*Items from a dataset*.
----------

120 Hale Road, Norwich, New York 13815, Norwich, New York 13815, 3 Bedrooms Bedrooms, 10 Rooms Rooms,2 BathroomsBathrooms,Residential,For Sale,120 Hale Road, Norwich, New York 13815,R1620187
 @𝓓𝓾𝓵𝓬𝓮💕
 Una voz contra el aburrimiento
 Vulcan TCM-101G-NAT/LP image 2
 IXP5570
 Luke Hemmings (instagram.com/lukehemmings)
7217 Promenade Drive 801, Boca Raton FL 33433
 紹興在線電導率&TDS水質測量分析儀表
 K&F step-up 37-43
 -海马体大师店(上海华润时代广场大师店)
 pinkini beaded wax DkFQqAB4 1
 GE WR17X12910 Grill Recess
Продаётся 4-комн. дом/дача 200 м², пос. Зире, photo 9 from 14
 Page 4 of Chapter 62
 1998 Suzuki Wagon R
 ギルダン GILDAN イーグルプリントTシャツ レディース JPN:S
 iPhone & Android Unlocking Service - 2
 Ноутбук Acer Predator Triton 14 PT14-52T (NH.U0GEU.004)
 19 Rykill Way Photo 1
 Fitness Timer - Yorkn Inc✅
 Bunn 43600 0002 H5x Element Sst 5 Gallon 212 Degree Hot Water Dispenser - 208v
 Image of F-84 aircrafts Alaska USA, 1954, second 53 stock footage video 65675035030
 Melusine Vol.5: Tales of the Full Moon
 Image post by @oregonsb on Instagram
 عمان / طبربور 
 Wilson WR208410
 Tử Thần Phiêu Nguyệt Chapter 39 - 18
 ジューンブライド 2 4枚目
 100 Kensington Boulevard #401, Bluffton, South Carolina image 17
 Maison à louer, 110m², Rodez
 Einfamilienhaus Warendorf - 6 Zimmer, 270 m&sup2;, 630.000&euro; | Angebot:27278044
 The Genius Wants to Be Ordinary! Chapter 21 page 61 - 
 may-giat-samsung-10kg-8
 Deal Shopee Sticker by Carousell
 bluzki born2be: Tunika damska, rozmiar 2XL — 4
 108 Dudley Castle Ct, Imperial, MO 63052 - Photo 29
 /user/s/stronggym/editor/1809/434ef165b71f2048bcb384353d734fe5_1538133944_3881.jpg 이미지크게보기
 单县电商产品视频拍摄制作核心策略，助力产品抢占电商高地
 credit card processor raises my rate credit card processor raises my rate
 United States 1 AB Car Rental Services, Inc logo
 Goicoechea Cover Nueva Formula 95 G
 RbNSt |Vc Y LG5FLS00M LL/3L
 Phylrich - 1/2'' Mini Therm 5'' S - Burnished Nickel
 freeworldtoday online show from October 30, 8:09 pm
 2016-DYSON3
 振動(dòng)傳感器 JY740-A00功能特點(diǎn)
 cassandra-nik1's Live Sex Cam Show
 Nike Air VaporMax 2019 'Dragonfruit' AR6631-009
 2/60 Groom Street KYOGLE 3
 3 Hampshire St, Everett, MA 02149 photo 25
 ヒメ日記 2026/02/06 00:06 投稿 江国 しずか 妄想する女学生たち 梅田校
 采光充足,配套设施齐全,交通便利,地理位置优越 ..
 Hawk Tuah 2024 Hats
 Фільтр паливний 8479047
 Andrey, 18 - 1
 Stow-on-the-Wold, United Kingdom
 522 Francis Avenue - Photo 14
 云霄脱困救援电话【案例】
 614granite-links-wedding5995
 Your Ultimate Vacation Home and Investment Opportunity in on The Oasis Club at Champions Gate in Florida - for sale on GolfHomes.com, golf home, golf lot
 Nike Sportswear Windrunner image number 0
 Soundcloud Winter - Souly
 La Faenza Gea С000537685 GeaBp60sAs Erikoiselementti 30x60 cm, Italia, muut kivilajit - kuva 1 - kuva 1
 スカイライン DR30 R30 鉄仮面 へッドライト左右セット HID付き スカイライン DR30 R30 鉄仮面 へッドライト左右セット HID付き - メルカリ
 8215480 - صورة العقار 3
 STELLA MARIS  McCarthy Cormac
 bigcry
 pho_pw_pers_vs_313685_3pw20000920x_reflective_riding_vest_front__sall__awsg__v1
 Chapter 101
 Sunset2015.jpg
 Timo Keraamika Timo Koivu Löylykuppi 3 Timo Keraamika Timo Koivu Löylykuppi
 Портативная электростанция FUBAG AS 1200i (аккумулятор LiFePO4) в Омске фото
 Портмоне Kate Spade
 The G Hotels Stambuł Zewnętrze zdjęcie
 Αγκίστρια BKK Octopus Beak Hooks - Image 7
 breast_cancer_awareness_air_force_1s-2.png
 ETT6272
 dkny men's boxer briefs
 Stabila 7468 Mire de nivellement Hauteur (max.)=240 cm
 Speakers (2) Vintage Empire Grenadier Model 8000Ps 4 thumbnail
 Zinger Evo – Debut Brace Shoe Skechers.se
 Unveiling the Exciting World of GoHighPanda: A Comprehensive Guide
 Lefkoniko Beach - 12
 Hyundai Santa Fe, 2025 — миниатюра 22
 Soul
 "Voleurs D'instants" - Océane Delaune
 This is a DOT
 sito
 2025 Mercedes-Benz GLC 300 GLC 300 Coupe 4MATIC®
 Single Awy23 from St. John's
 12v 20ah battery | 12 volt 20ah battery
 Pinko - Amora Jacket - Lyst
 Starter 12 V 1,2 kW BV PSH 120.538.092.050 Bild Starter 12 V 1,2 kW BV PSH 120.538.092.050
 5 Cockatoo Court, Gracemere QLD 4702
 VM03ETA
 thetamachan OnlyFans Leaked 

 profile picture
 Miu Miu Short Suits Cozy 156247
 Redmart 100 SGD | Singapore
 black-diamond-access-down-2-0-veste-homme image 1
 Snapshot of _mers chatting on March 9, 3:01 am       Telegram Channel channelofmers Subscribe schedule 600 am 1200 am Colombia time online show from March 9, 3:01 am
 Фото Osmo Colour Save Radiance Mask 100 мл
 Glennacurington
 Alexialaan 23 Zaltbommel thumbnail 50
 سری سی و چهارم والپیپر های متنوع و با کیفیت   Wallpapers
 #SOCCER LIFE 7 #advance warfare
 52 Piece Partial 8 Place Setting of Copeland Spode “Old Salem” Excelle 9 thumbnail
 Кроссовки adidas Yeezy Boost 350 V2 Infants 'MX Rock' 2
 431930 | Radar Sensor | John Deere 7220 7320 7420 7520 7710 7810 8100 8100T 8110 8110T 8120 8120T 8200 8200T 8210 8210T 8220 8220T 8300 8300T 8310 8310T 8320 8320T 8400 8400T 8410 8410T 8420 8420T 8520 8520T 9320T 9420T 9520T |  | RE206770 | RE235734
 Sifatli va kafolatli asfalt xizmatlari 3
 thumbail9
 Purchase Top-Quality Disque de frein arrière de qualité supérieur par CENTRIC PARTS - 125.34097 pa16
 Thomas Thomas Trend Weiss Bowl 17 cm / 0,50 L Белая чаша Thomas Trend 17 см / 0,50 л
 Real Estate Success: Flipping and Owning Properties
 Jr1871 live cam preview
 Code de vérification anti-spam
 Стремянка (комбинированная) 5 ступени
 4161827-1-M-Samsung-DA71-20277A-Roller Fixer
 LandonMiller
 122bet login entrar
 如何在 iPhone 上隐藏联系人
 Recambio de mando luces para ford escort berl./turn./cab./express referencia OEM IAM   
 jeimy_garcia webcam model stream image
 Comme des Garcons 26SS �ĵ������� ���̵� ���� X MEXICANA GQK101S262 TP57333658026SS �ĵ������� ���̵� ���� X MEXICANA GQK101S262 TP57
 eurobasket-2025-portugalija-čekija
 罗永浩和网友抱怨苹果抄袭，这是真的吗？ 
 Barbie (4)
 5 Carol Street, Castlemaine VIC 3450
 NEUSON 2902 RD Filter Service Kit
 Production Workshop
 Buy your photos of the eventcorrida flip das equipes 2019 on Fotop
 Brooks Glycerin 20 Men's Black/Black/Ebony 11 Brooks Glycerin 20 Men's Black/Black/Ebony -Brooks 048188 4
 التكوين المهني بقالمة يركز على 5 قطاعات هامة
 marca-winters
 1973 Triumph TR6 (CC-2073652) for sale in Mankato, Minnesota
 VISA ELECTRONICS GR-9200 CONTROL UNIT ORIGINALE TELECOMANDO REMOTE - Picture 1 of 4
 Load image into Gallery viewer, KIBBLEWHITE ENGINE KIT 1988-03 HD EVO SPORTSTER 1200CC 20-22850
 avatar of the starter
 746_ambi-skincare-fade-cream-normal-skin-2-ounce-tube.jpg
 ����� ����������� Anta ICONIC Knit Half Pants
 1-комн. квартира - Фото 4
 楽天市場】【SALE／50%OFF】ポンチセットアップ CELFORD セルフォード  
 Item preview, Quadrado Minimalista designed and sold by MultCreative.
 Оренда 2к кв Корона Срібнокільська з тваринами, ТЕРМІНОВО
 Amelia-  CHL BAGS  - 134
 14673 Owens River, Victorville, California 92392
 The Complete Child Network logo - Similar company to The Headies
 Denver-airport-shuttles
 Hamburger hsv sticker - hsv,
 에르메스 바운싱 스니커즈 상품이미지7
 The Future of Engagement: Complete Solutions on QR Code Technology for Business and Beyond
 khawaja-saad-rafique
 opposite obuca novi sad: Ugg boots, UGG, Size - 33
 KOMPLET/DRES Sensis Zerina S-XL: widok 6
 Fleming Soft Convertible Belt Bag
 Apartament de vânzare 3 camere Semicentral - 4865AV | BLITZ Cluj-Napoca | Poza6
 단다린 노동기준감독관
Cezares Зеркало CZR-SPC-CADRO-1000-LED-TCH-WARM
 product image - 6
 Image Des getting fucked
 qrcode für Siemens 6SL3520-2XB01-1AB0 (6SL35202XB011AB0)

----------

*GOAL OF THE EXERCISE*.
Quote exactly the stretch of lines above that starts at the first one and ends at the line with "Page 4 of Chapter 62", and nothing beyond it.

*ANSWER SPACE*.
120 Hale Road, Norwich, New York 13815, Norwich, New York 13815, 3 Bedrooms Bedrooms, 10 Rooms Rooms,2 BathroomsBathrooms,Residential,For Sale,120 Hale Road, Norwich, New York 13815,R1620187
 @𝓓𝓾𝓵𝓬𝓮💕
 Una voz contra el aburrimiento
 Vulcan TCM-101G-NAT/LP image 2
 IXP5570
 Luke Hemmings (instagram.com/lukehemmings)
7217 Promenade Drive 801, Boca Raton FL 33433
 紹興在線電導率&TDS水質測量分析儀表
 K&F step-up 37-43
 -海马体大师店(上海华润时代广场大师店)
 pinkini beaded wax DkFQqAB4 1
 GE WR17X12910 Grill Recess
Продаётся 4-комн. дом/дача 200 м², пос. Зире, photo 9 from 14
 Page 4 of Chapter 62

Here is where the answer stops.